Holbein has fashioned a great portrait precisely because of these unanswered and unanswerable questions. His is a study in ambiguity and detachment, with the inscrutability of More’s expression as a direct representation of his reticence and impenetrability. Holbein did not know that under the gold chain and velvet doublet More wore a hair shirt which chafed and broke his skin. But once it has been imagined there, the true value of the painting emerges. This is the portrait of a private self dressed as a public image, with the contrast between a secret inner life and rhetorical public role creating this enigmatic and inscrutable figure.

If More played no ostensible part in the matter of the king’s disputed marriage during this period, he was a necessary and visible agent of Wolsey’s diplomacy. The pre-eminence of Charles V had once again forced England into an uneasy embrace with France, and in the early months of 1527 More was one of the central figures in the negotiations for a new treaty. These proved successful, and he was also one of those who signed the document at the end of April. The French envoys were then invited to a tournament, followed by a great banquet and disguising at Greenwich Palace. On that same day of pomp and ceremony, 6 May, imperialist troops entered Rome and wreaked such havoc within the city that the details were not forgotten for a hundred years. Old men were disembowelled and young men castrated, women raped
and tortured, children tossed onto the points of swords before being butchered. The corpse of Pope Julius II was dragged from its ornate tomb and paraded through the streets. The living pope fled to the castle of St Angelo, where he remained a prisoner. It would be tempting to dwell upon the extraordinary disparity between the magnificence of Greenwich and the massacre of Rome, but these occasions are related in much more complicated and ambiguous ways. The English king wanted the Pope to grant him an annulment of his marriage; the Pope was imprisoned by the emperor, Charles V; Francis I and Henry VIII had formed an alliance against the emperor. All the fragments of polity were in the air at the same time and Wolsey was supposed to conjure them into a shape pleasing to his master.
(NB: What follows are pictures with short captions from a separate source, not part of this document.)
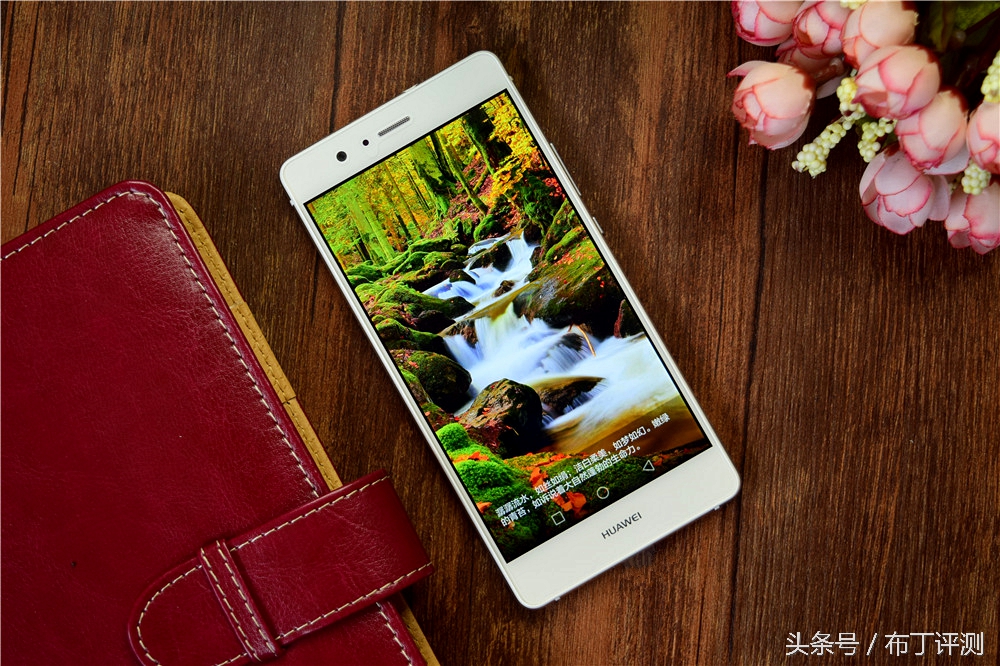 华为g9青春版体验,华为g9青春版特色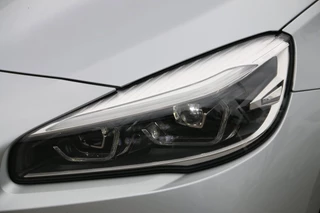 BMW 2 Serie – thumbnail 5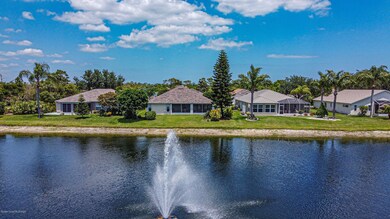 DJI_0476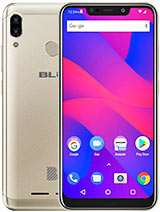 Best available price of BLU Vivo XL4 in Serbia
That is why he also needed More’s assistance and counsel. It had been decided that the cardinal, with a great retinue that included More, should travel to France where he would solemnly ratify the treaty with the French king himself. Wolsey rode on a mule out of London, crossing London Bridge at the head of a large concourse before making a stately progress to Canterbury. It was an extraordinarily wet summer, and we may see them proceeding slowly through the rain. He stayed in the town for three days, celebrating Mass for various occasions—the vigil of St Thomas on 6 July and the feast day of the Translation on the seventh—always kneeling on a bench ‘covered with carpets and cushions’.
8
In the second week of July they crossed over to Calais. There then ensued the whole panoply of the diplomatic process, which in its essentials was derived from an earlier chivalric age. There were the solemn entries into each town where they were welcomed by persons of ‘rank and distinction’.
9
There were the set speeches and the formal presentation of credentials, public processions and ceremonial audiences, all of which were accompanied by Masses as well as more secular festivities. It was not until the beginning of August, therefore, that Wolsey arrived in Amiens, where he was greeted by the French king. Francis also greeted More and, later, Wolsey and More made a ceremonial visit to the queen mother. Two weeks after their arrival the treaty of peace was finally solemnised in the cathedral. (In that church More saw the supposed head of John the Baptist in a crystal case; he did not seem to doubt the authenticity of the relic and noted only the absence of its ‘nether iowe’
10
or lower jaw.) The English envoys remained in Amiens
until the end of the month, and then began their slow journey home. More himself did not return to England until late September.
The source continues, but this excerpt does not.